Tough Times for Girls?
At some colleges, it's much harder for women to get in than men. Here's what applicants need to keep in mind
The University of Richmond, like many small liberal arts colleges, has its roots in single-sex education. The campus, which sits on a picturesque 350 acres of woodland a few miles outside the Virginia state capital, was once two schools: Westhampton and Richmond colleges, on opposite sides of a small lake. The campuses merged around the turn of the 20th century, creating the coed institution that exists today. The delicate balance between men and women at Richmond has always been a tricky thing to manage.
These days, the student body is 49 percent male and 51 percent female, a ratio that the college insists is determined by the availability of on-campus housing. Maintaining that equilibrium, however, means rejecting many more female applicants than male ones. In the past decade, female applicants have faced an admissions rate that averages 13 percentage points lower than that of their male peers just for the sake of keeping that girl-boy balance. "From a philosophical standpoint, we've really discussed the benefits of keeping it about equal," says Marilyn Hesser, a senior associate director of admissions at Richmond. "The board of trustees has said that the admissions office can go as far as 55-45 [women to men]." Male and female applicants have test scores that are virtually the same, she says. "Was [the male applicant's] high school GPA a little lower? Perhaps."
A thumb on the scale.
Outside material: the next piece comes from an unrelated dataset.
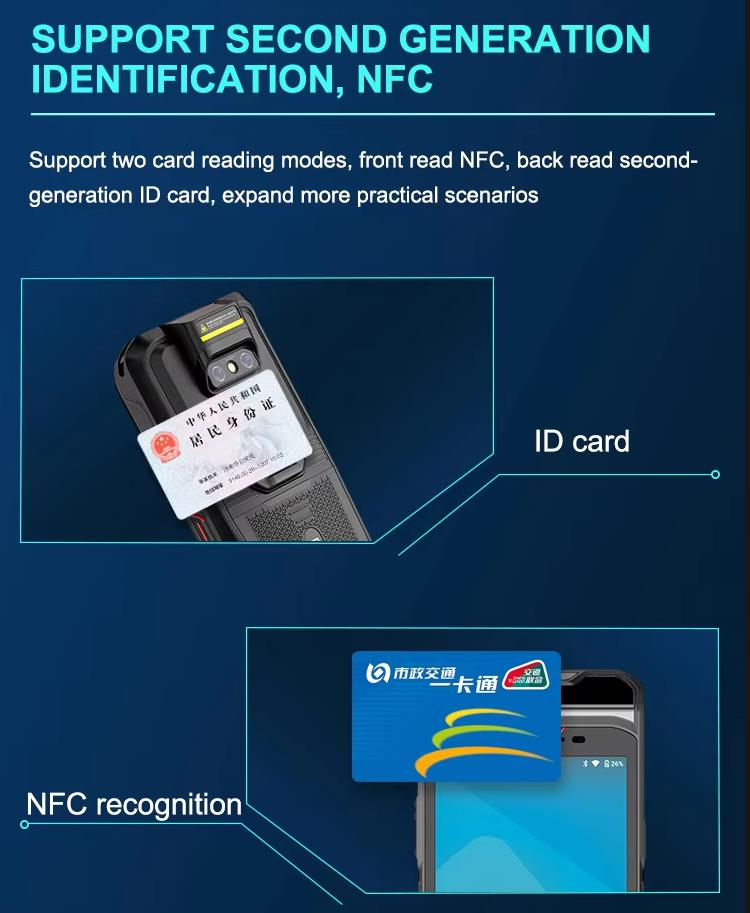 X501 Handheld PDA | Barcode Scanner & RFID Reader(图9)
The University of Richmond is not unique in its effort to keep the number of men and women enrolled roughly equal in the face of a dramatically changing pool of applicants. Nor is it the school where the gap in admissions rates is the most pronounced. Using undergraduate admissions rate data from more than 1,400 four-year colleges and universities that participate in its rankings, U.S. News has found that over the past 10 years many schools have maintained their gender balance by admitting men and women at drastically different rates.
The schools that are most selective—think Harvard and Princeton—have so many applicants and so many high achievers that they maintain balanced student bodies naturally by skimming the cream of the crop. But at other colleges, maintaining gender equity on some campuses appears to require a thumb on the scale in favor of boys. It's at these schools, including Pomona, Boston College, Wesleyan University, Tufts, and the College of William and Mary, that the gap in admit rates is particularly acute.
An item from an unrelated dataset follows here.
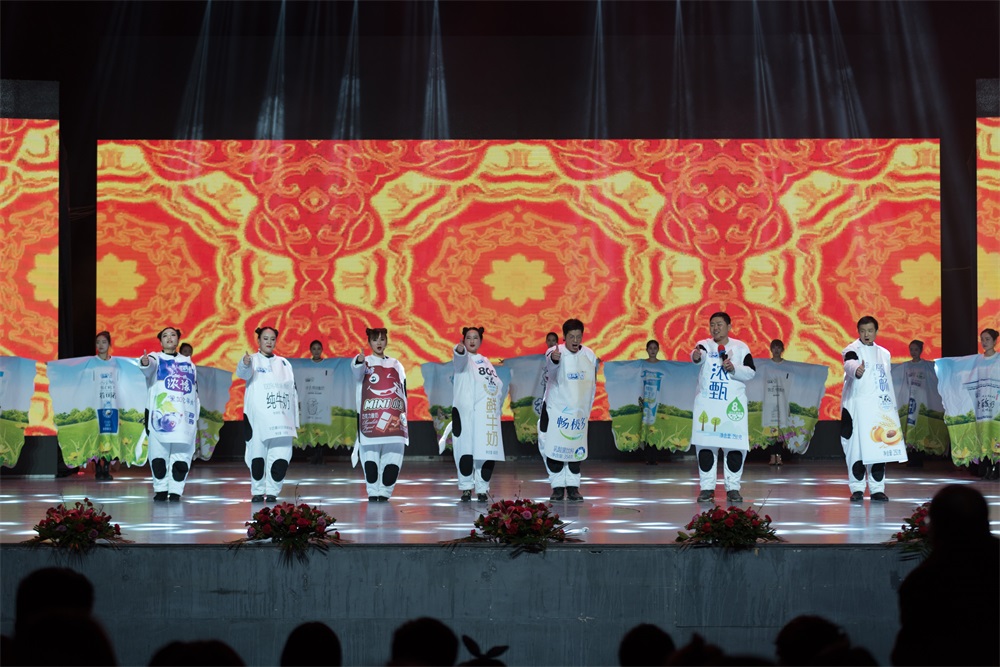 “不忘初心、聚力前行” XINGKONG.COM星空体育(中国大陆)科技公司集团2018迎新春联欢会隆重举行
What does this mean for applicants? For girls, making the cut might come down to something as simple as the expected field of study. As an admissions officer from a small midwestern liberal arts college puts it: "God help the female English majors who apply to this school." On the other hand, women hoping to study engineering will find themselves at an advantage at schools like the Massachusetts Institute of Technology, which over the past decade has admitted women at a rate that is 17 percentage points higher than the rate for men.
Boys will be boys. Male applicants, meanwhile, are often at an advantage—so much so that college counselors have begun advising some boys to "emphasize their maleness," says Steve Goodman, a longtime independent college counselor. He encourages male students to submit pictures or trumpet their sports activities—"anything to catch an admissions officer's eye."